10Ashtawy,H.M.；Mahapatra,N.R.,"AComparativeAssessmentofPredictiveAccuraciesofConventionalandMachineLearningScoringFunctionsforProtein-LigandBindingAffinityPrediction,"ComputationalBiologyandBioinformatics,IEEE/ACMTransactionson,vol.12,no.2,pp.335,347,2015

11BowieJU,LuthyR,EisenbergD；Lüthy；Eisenberg(1991)."Amethodtoidentifyproteinsequencesthatfoldintoaknownthree-dimensionalstructure".Science253(5016):164–170.

12JT.Huang,TWang,SR.HuangandXLi,Reducedalphabetforproteinfoldingprediction,Proteins,2015,83-4,631–63

13BowieJU,LüthyR,EisenbergD(1991)."Amethodtoidentifyproteinsequencesthatfoldintoaknownthree-dimensionalstructure".Science253(5016):164–170.

14JonesDT,TaylorWR,ThorntonJM(1992)."Anewapproachtoproteinfoldrecognition".Nature358(6381):86–89..

15Peng,Jian；JinboXu(2011)."RaptorX:exploitingstructureinformationforproteinalignmentbystatisticalinference".Proteins.79Suppl10:

16Pierce,LeviC.T.；Salomon-Ferrer,Romelia；AugustoF.deOliveira,Cesar；McCammon,J.Andrew；Walker,RossC.(2012)."RoutineAccesstoMillisecondTimeScaleEventswithAcceleratedMolecularDynamics".JournalofChemicalTheoryandComputation8(9):2997–3002.

17Nugent,T.；Jones,D.T.(2012)."Accuratedenovostructurepredictionoflargetransmembraneproteindomainsusingfragment-assemblyandcorrelatedmutationanalysis".ProcNatlAcadSciUSA109(24):E1540–7.

18Morcos,F.；Pagnani,A.；Lunt,B.；Bertolino,A.；Marks,DS.；Sander,C.；Zecchina,R.；Onuchic,JN.etal.(Dec2011)."Direct-couplinganalysisofresiduecoevolutioncaptures

---------

nativecontactsacrossmanyproteinfamilies".ProcNatlAcadSciUSA108(49):E1293–301.

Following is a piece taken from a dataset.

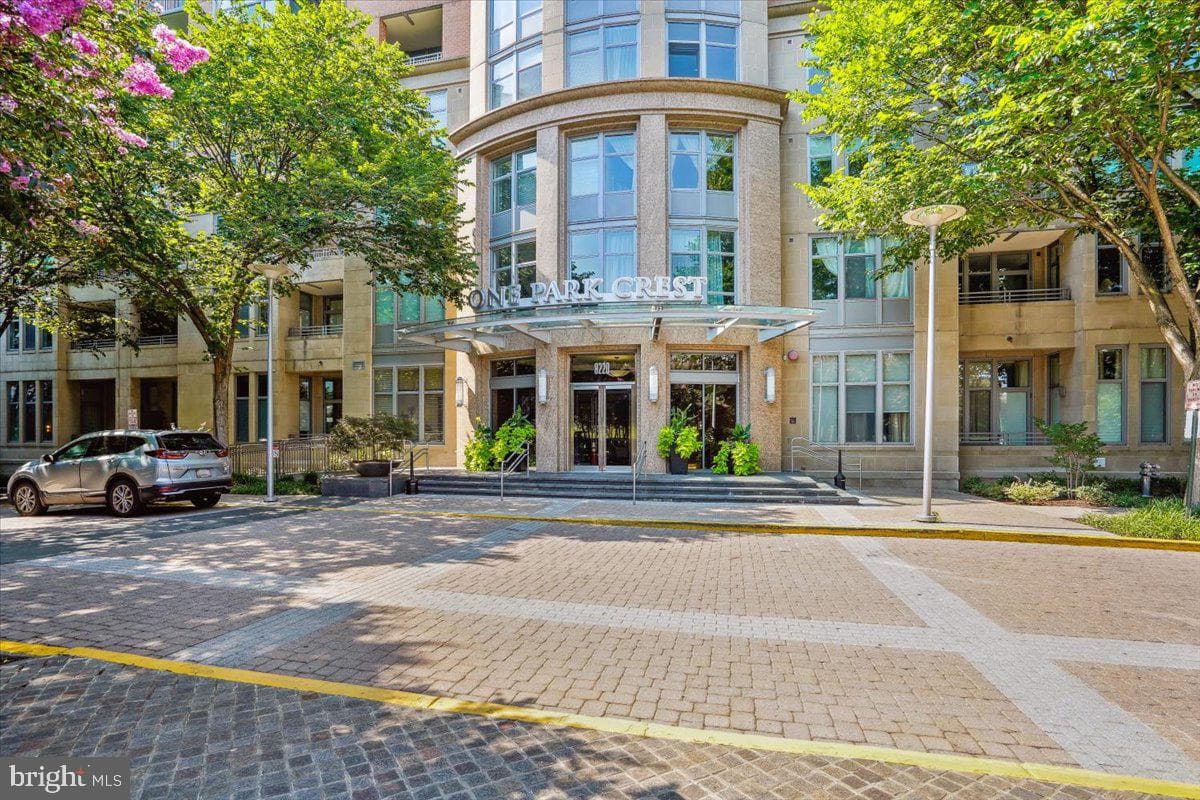 8220 Crestwood Heights Drive #301, Mclean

19YangJ.Comprehensivedescriptionofproteinstructuresusingproteinfoldingshapecode.Proteins2008；71.3:1497-1518。

Claims

1. a perfect information Forecasting Methodology for protein structure space conformation, is characterized in that, comprise the steps:

1) from whole 20 amino acid, at random extract 5 amino acid, formed and add up to 3,200, the difference arrangement of 000, the possible folded conformation of each arrangement obtains from global Protein Data Bank, then represents with protein folding shape code; Create a database to collect the protein folding shape code of above-mentioned arrangement and correspondence thereof, this database is named as 5AAPFSC;

2) for the protein of any one structure to be predicted, along the sequence of protein, from N-end, progressively move to C-end, read every 5 continuous print amino acid successively, its folded conformation that may have directly obtains from 5AAPFSC database, with the character representation of protein folding shape code; In Protein Data Bank, the character of the folded conformation code that the frequency of occurrences is the highest makes number one, the folded conformation code character that the frequency of occurrences second is high comes second, form row successively from top to bottom, till collection completely, every 5 continuous print amino acid have the folded conformation possibility of different number;

3) the whole possible collapsed shape code of testing protein forms an array, is called protein folding conformation bands of a spectrum, represents along all possible folded conformation of the sequence of protein; For each protein sequence, by the phase trans-substitution of its all possible partial folds conformation, all possible conformation can be obtained exactly; The total number of possible conformation is the continued product of all every 5 amino acid possibility folded conformation numbers.

2. perfect information Forecasting Methodology according to claim 1, is characterized in that, predicts that the space conformation obtained is made up of the collapsed shape code that the frequency of occurrences is the highest.

3. perfect information Forecasting Methodology according to claim 1, it is characterized in that, predict that a space conformation obtaining is by the high collapsed shape code of the frequency of occurrences second, there is no the second high-frequency conformation position, with frequency the highest collapsed shape code formed as a supplement.

4. perfect information Forecasting Methodology according to claim 1, it is characterized in that, predict that a space conformation obtaining is by frequency of occurrences third high collapsed shape code, there is no third high frequency conformation position, with frequency the highest collapsed shape code formed as a supplement.